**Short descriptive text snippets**
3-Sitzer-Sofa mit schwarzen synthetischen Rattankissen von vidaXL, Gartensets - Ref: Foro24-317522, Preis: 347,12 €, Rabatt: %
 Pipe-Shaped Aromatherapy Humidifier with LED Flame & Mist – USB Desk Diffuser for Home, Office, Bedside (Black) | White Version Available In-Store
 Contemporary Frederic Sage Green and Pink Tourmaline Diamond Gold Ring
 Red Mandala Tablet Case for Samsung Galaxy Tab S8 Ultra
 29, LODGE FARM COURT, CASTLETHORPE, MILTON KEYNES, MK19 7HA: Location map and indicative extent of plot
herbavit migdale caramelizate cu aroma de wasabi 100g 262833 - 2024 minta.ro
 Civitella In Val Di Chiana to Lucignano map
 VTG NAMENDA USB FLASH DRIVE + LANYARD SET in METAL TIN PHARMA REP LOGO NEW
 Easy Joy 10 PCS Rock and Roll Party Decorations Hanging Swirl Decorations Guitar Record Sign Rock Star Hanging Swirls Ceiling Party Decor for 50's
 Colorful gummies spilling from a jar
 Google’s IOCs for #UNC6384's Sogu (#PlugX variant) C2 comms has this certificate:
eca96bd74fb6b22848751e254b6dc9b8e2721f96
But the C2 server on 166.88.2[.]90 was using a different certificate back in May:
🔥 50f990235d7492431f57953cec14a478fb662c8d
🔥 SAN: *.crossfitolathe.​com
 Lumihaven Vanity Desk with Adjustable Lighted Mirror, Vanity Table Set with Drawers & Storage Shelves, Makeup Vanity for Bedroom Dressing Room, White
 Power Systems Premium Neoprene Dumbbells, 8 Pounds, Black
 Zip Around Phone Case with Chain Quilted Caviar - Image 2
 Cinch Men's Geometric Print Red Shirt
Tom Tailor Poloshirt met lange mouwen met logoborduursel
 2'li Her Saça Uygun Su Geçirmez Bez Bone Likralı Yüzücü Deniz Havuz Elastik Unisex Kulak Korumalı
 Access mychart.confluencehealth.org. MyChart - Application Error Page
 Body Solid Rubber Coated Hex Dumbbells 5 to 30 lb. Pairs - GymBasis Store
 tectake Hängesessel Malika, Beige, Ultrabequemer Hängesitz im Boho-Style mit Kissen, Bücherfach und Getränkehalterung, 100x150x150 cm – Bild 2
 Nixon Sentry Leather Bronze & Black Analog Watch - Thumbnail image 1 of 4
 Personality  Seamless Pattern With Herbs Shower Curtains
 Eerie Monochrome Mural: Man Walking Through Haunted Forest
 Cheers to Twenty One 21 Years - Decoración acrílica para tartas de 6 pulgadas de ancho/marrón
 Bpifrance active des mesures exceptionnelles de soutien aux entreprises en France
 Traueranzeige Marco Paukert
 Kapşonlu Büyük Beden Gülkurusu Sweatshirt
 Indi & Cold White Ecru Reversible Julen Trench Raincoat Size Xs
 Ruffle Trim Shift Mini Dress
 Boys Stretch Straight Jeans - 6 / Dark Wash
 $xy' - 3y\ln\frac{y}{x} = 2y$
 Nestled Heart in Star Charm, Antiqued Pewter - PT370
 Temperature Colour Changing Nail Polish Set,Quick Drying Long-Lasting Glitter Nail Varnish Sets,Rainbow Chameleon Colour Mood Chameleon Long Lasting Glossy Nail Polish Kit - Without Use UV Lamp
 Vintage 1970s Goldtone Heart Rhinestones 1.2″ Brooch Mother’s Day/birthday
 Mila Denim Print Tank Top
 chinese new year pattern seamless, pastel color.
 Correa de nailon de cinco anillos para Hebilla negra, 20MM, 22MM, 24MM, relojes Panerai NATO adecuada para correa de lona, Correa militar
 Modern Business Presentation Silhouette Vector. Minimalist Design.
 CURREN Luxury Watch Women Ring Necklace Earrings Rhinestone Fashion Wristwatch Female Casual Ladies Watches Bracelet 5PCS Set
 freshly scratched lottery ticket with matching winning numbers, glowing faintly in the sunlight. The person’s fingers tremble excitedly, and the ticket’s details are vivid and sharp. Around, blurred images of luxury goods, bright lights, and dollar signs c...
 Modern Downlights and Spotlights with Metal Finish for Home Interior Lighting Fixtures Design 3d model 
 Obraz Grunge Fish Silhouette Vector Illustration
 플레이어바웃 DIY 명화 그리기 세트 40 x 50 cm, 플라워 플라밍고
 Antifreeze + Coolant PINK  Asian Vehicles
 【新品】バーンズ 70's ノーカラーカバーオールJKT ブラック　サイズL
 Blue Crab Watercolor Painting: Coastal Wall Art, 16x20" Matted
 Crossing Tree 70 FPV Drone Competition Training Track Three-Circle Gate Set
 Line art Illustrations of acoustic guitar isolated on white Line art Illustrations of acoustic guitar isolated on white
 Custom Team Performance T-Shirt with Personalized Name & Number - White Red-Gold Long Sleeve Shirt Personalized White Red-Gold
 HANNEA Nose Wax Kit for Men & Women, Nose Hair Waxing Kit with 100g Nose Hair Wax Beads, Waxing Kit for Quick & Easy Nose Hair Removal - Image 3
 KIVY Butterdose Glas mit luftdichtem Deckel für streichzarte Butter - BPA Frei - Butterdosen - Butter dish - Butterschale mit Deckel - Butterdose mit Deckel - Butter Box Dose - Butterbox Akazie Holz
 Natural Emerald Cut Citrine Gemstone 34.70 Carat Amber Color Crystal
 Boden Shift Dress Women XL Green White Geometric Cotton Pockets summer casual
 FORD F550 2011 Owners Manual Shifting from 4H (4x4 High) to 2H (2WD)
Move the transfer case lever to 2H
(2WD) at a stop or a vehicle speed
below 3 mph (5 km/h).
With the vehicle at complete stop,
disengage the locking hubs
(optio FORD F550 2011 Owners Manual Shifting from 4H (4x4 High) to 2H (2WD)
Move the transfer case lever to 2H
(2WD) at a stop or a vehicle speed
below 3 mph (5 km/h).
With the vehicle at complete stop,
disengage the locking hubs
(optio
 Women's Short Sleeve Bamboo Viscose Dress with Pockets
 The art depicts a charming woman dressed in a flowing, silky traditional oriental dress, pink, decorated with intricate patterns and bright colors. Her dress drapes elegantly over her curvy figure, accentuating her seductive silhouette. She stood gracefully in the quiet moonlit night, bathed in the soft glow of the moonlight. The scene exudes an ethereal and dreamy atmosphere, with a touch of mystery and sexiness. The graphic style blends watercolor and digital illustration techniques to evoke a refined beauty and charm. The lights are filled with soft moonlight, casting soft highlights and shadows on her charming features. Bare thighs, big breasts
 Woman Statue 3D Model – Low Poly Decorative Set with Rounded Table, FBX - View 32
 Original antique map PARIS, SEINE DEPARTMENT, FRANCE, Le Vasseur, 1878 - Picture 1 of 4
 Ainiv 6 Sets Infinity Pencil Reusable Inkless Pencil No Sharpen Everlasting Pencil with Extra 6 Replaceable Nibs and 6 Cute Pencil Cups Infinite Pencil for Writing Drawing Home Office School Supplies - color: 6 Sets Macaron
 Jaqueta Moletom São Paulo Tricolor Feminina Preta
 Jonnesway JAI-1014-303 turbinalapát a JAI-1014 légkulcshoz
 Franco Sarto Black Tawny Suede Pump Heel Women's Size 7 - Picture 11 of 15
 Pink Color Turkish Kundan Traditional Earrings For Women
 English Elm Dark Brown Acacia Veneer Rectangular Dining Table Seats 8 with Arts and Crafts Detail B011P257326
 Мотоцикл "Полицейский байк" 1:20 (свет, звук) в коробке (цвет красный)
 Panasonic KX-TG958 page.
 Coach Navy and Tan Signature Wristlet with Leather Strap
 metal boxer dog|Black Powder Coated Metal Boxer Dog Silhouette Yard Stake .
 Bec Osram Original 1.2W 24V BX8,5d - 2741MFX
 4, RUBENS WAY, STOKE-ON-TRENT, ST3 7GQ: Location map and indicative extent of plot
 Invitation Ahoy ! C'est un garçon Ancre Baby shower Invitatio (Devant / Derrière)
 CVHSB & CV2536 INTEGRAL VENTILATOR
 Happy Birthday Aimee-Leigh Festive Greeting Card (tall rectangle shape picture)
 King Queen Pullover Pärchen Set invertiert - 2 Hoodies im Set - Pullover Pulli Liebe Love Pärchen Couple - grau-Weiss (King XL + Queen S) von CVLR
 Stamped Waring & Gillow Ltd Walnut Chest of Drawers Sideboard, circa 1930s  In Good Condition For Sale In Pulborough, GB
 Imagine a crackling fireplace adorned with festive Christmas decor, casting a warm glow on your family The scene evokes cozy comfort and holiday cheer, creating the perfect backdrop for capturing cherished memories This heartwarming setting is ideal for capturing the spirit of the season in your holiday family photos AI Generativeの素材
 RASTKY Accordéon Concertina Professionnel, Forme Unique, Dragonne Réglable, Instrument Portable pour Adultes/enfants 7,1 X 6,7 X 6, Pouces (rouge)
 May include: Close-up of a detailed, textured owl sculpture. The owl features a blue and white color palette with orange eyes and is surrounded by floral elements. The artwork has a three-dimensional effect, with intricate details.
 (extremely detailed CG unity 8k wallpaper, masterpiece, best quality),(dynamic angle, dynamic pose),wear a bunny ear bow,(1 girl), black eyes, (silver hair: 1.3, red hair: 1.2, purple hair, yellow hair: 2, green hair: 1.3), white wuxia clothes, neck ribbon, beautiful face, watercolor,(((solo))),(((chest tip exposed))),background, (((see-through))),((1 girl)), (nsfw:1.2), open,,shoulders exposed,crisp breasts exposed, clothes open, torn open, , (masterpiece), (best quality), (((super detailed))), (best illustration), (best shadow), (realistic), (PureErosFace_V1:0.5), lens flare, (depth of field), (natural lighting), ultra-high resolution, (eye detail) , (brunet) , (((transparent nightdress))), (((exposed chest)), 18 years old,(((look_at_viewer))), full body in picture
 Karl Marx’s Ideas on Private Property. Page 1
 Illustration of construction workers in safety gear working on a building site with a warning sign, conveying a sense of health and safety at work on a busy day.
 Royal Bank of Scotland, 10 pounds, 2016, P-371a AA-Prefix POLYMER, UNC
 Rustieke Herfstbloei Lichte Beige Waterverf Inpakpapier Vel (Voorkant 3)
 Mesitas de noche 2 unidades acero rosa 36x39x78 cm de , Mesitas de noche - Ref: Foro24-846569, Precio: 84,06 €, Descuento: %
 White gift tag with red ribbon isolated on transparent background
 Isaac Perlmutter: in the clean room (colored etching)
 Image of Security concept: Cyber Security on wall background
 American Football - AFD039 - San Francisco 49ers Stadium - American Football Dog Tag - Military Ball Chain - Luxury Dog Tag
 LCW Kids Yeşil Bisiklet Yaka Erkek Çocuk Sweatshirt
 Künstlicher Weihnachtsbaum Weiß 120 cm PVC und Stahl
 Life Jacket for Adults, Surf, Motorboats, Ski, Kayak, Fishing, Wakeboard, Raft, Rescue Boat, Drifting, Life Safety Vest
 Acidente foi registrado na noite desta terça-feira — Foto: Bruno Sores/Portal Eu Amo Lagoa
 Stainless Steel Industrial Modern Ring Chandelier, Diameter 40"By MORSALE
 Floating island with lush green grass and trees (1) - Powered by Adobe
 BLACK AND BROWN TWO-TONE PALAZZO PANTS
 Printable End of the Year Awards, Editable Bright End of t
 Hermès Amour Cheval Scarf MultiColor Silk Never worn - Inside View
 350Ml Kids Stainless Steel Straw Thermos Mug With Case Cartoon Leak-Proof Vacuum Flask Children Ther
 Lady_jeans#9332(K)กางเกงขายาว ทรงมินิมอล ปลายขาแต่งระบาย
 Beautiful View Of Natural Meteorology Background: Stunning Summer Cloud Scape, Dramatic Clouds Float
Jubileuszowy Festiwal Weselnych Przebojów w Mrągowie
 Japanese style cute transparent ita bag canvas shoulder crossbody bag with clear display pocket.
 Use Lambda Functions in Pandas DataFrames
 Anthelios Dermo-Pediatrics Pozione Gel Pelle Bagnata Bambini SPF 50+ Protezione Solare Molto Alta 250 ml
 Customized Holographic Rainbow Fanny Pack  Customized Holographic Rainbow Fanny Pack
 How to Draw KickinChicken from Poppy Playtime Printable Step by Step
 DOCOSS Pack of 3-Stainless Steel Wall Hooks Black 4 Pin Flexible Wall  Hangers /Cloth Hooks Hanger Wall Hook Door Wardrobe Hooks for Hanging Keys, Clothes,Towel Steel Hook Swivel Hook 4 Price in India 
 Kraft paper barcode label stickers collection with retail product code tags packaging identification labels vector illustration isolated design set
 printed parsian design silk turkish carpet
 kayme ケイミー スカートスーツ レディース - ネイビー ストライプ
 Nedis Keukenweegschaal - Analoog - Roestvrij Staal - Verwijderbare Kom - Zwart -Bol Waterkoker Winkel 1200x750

**HOW TO COMPLETE THIS TASK**
Going back over the entries above, copy word for word every line from the one that has "Panasonic KX-TG958 page." on through the one that has "4, RUBENS WAY, STOKE-ON-TRENT, ST3".

**PROBLEM SOLUTION**
 Panasonic KX-TG958 page.
 Coach Navy and Tan Signature Wristlet with Leather Strap
 metal boxer dog|Black Powder Coated Metal Boxer Dog Silhouette Yard Stake .
 Bec Osram Original 1.2W 24V BX8,5d - 2741MFX
 4, RUBENS WAY, STOKE-ON-TRENT, ST3 7GQ: Location map and indicative extent of plot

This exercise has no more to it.